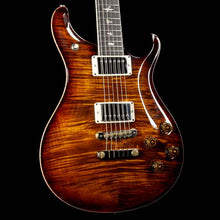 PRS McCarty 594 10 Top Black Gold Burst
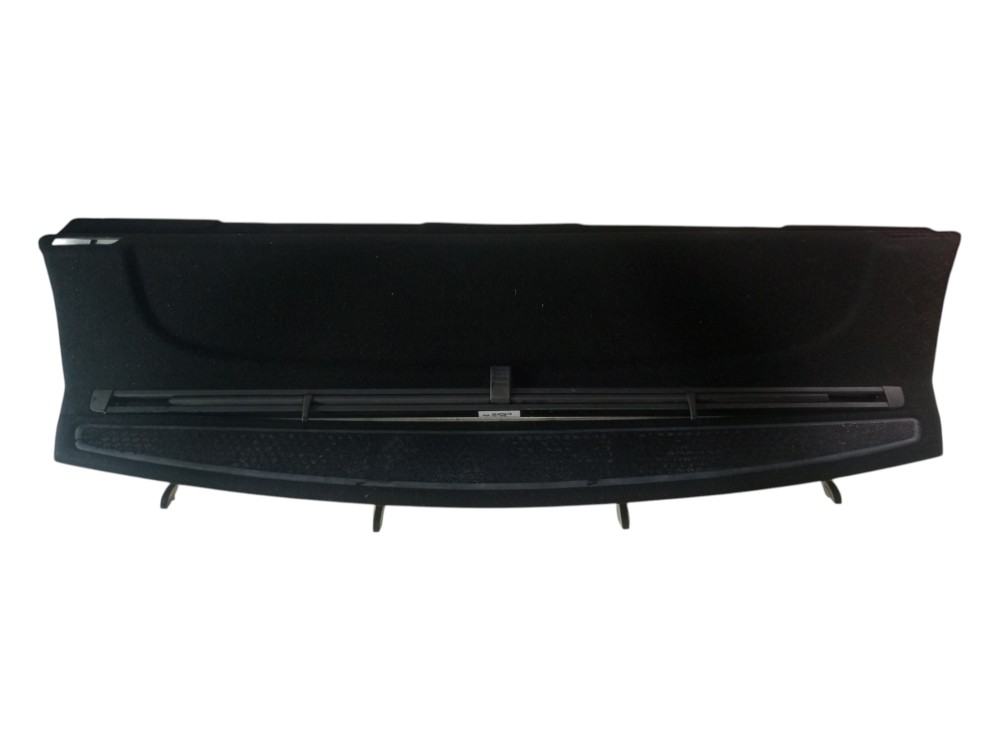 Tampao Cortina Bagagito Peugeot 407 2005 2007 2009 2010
* * *
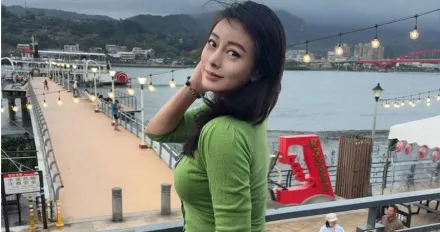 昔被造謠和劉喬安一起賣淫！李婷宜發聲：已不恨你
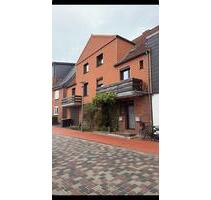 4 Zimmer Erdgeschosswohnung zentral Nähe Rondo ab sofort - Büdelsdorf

EXERCISE: Which part of the entries opens with the line containing "PRS McCarty 594 10 Top Black Gold Burst" and closes with the line containing "Tampao Cortina Bagagito"? Output that part exactly, ends included, pictures excluded.

RESULT FOR THIS TASK:
 PRS McCarty 594 10 Top Black Gold Burst
 Tampao Cortina Bagagito Peugeot 407 2005 2007 2009 2010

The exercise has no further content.